When rank amateurs throw them around, the term ‘verbal abuse’ takes on a whole new meaning.

The simile, saying something is like something else, requires an imaginative mind and clarity of expression:
He uttered a sound much like a bull dog swallowing a pork chop whose dimensions it has underestimated. (PG Wodehouse)
Let an American teens get hold of it and the simile turns into:
‘I was like, just standing there and he, like, winked at me and I, like, died!’

When Edna St. Vincent Millay wrote, “I like humanity, but I loathe persons.” she was brilliantly employing an oxymoron.
When we speak of government intelligence or peacekeeping force or media integrity or red licorice we just use one word in the phrase to cancel out the other.

Anthropomorphism, attributing human characteristics to animals (sometimes interchangeable with personification) raises our consciousness with totalitarian critters in ‘Animal Farm’ or raises an entire generation of anti-hunting protestors with ‘Bambi.’
Now, commercials try to work up sympathy for lonely cleaning products pining for love in attics. Movies like ‘Toy Story’ and ‘Brave Little Toaster’ convince us that we can’t throw out broken plastic playthings or obsolete appliances because they have feelings too. That just raises my blood pressure.

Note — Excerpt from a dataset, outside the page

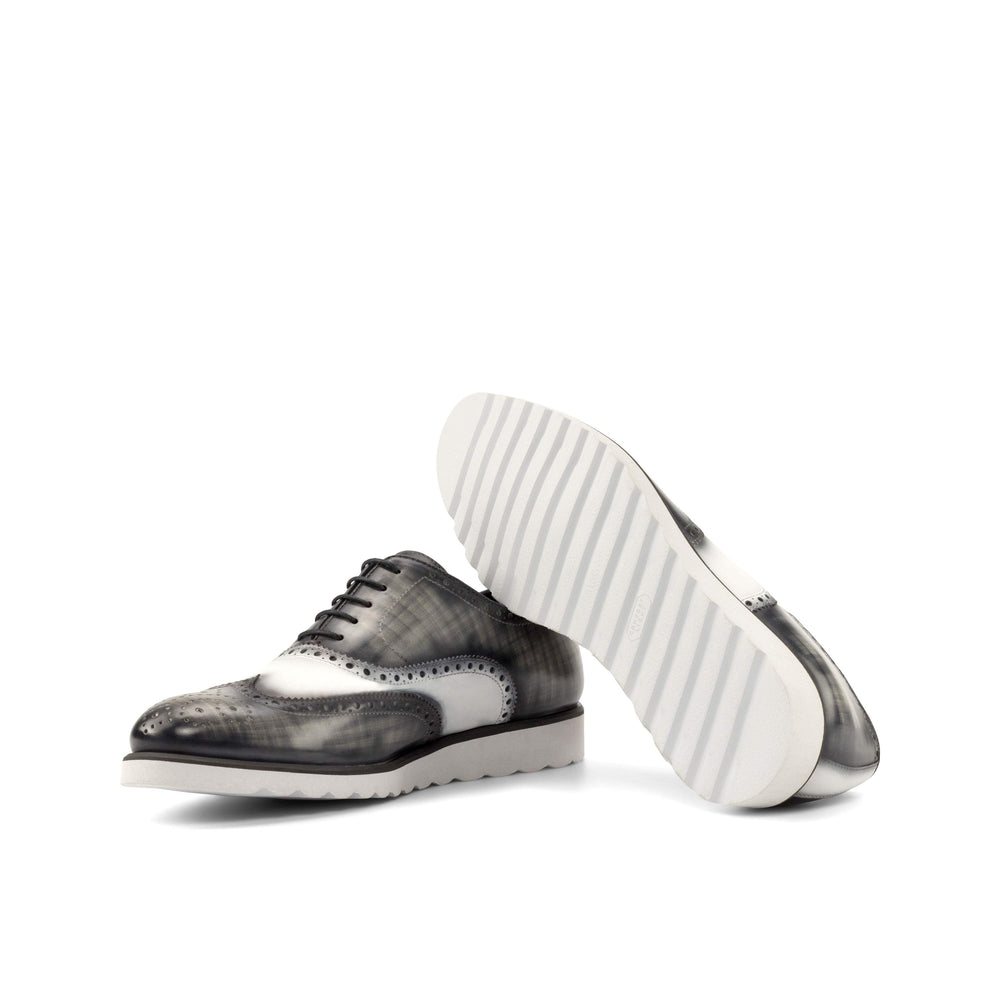 Men's Full Brogue Shoes Patina Leather White Grey 4874 2- MERRIMIUM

Euphemisms. Ah. A way to take something prosaic, unpleasant or distressing and make it palatable.
Lucy wasn’t pregnant in ‘I Love Lucy.’ She was expecting. Sometimes women in the 1950’s were in the family way or on the nest or visited by the stork but they were NEVER pregnant.
‘The Godfather’ movies made threatening the life of another sound positively appealing by ‘making someone an offer they can’t refuse.’
See how clever these euphemisms are?
Compare them to the politician who has lied, cheated and stolen. Will he admit to lying, cheating etc? No. He will admit that ‘mistakes were made.’
Collateral damage, friendly fire and enhanced interrogation all have a pleasant ring to them.
Someone had the bright idea to call  taxes ‘revenue enhancements.’
See how clever those euphemisms are?

Portmanteau is that fun little device that joins 2 words to make a new word. Lewis Carroll combined ‘lithe’ and ‘slimy’ to make the great word slithy in Jabberwocky. Smog? I can handle that. Motel? Very clever. How can human beings who come up with a delight called brunch also have infomercials and Brangelina and TomKat?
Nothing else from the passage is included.